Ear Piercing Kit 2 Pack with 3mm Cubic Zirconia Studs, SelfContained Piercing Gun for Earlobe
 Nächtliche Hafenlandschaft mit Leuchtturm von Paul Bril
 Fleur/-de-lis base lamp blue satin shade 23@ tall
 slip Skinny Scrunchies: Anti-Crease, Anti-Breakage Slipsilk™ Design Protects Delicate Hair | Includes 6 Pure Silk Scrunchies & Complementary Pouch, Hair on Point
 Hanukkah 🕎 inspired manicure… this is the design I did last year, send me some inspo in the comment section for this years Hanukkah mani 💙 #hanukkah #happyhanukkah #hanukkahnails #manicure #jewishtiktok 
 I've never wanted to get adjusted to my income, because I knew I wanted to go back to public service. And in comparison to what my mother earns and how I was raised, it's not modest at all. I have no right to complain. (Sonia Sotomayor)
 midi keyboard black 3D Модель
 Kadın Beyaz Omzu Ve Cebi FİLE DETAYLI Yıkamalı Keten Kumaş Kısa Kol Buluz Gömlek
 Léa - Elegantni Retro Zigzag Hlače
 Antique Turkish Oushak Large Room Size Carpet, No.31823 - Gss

● Exercise:
Print from the line containing "Léa - Elegantni Retro Zigzag Hlače" to the last line above, exactly as written.

● Worked solution:
 Léa - Elegantni Retro Zigzag Hlače
 Antique Turkish Oushak Large Room Size Carpet, No.31823 - Gss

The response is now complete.